Llama-3.3-70B-Instruct
Performance and Benchmarks
- Multiple commenters say Llama‑3.3‑70B‑Instruct performs on par with, or slightly better than, Llama‑3.1‑405B and close to GPT‑4o on several shared benchmarks.
- Some note it does unexpectedly well on independent evals (e.g., Kagi).
- Others give concrete counterexamples (e.g., D&D 5e rules) where it hallucinates; another model (Claude) did better there.
- Overall sentiment: very strong free / “open weight” model, but not universally superior across tasks.

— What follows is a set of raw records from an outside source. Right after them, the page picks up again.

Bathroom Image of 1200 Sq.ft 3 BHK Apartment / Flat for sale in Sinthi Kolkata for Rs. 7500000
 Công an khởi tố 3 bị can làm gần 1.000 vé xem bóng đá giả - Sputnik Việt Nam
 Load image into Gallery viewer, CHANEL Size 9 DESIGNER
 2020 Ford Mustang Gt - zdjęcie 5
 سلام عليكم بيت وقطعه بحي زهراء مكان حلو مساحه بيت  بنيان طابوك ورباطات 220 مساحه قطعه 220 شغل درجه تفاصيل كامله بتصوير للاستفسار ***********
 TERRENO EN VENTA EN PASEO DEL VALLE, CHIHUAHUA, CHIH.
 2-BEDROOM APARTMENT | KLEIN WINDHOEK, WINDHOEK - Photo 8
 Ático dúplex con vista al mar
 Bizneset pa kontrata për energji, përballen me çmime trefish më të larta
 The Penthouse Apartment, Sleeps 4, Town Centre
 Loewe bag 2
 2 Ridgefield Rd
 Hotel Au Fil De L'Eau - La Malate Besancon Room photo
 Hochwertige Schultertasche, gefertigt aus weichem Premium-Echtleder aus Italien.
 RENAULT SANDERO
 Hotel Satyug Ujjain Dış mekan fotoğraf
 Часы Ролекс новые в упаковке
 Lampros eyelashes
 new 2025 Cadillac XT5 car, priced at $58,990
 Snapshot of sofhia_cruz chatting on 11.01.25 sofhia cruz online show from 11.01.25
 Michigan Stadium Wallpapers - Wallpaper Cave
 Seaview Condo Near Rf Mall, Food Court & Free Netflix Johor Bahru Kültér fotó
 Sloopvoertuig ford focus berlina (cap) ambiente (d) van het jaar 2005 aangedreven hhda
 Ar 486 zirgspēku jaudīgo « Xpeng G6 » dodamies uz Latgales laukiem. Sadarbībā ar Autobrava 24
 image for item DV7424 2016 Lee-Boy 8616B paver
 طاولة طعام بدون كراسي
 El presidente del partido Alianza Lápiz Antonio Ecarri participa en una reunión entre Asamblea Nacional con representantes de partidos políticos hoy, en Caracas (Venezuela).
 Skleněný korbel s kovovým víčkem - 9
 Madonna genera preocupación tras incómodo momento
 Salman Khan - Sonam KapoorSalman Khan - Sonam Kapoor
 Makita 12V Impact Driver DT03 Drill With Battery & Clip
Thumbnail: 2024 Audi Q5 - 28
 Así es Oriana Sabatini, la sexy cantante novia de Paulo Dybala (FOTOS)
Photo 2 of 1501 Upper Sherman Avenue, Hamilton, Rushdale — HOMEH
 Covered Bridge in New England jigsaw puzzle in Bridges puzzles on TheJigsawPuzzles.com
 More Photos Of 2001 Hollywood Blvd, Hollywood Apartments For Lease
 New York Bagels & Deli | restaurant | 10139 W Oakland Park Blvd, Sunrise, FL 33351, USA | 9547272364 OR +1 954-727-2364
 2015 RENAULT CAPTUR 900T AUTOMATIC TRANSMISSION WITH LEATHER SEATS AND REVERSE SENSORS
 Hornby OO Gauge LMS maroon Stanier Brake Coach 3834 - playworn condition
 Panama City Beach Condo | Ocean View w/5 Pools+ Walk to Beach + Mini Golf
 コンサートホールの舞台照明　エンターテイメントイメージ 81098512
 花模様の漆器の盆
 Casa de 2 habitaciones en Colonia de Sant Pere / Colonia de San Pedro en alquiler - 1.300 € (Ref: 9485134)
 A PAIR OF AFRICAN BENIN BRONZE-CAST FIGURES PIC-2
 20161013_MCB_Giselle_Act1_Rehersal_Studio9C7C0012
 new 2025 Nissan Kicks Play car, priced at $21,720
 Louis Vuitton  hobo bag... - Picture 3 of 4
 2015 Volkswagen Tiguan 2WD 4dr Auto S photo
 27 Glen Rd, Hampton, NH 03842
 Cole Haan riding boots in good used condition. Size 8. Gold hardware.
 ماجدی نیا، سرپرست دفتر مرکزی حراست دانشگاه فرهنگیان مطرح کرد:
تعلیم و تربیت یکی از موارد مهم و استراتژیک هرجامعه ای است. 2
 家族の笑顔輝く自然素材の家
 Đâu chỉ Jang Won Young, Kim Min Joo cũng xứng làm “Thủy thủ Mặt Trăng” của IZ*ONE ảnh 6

Quantization, Local Use, and Tooling
- Users run 70B locally via Q3–Q5 quantization on consumer GPUs and CPUs, reporting ~2–16 tokens/s depending on hardware (4090, 3090s, M‑series Macs, older GPUs).
- Q4 is widely seen as the practical sweet spot; heavier quantization degrades coherence, prompt adherence, and precision, especially for complex conditionals and chain-of-thought.
- Discussion of model size vs VRAM: rough rule is parameter count ≈ GB at 8‑bit; halve for 4‑bit plus overhead for context and OS.
- Many recommend smaller models (8–20B, ~32B) as “sweet spots” for 12–24GB cards.
- Tools mentioned: Ollama, LM Studio, llama.cpp, Open WebUI, plus Unsloth for more efficient fine‑tuning.
Base Model and “Openness”
- Some are disappointed there’s no separately released base model; others say the base is effectively the earlier 3.1‑70B.
- Strong debate over terminology: several insist this is not “open source” but “open weight” freeware due to license restrictions and lack of full reproducible training pipeline/datasets.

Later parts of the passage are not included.